**Exercise aim**
Scan the data beneath this task and copy each line that includes "room".

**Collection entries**
************
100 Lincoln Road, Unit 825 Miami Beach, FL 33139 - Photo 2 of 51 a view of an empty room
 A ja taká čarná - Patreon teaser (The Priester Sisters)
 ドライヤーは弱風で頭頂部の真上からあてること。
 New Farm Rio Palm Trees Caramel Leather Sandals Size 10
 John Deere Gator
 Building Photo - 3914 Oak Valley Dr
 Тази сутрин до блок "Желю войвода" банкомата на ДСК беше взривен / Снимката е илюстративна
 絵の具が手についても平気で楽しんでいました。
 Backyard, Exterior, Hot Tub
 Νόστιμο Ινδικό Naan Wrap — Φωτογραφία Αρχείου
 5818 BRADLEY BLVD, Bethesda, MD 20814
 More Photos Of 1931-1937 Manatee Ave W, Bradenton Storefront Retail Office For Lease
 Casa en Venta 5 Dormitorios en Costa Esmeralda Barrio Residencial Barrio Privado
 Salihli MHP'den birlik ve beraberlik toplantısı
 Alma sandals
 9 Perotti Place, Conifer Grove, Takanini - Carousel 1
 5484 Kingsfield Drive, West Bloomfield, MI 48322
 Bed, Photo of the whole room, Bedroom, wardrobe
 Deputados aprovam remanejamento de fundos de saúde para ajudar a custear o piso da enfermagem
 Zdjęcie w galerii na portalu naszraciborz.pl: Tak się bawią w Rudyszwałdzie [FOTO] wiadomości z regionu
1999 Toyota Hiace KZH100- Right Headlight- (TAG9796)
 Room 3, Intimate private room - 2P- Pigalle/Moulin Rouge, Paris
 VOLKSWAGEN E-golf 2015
************
**Solution for this problem**
100 Lincoln Road, Unit 825 Miami Beach, FL 33139 - Photo 2 of 51 a view of an empty room
 Bed, Photo of the whole room, Bedroom, wardrobe
 Room 3, Intimate private room - 2P- Pigalle/Moulin Rouge, Paris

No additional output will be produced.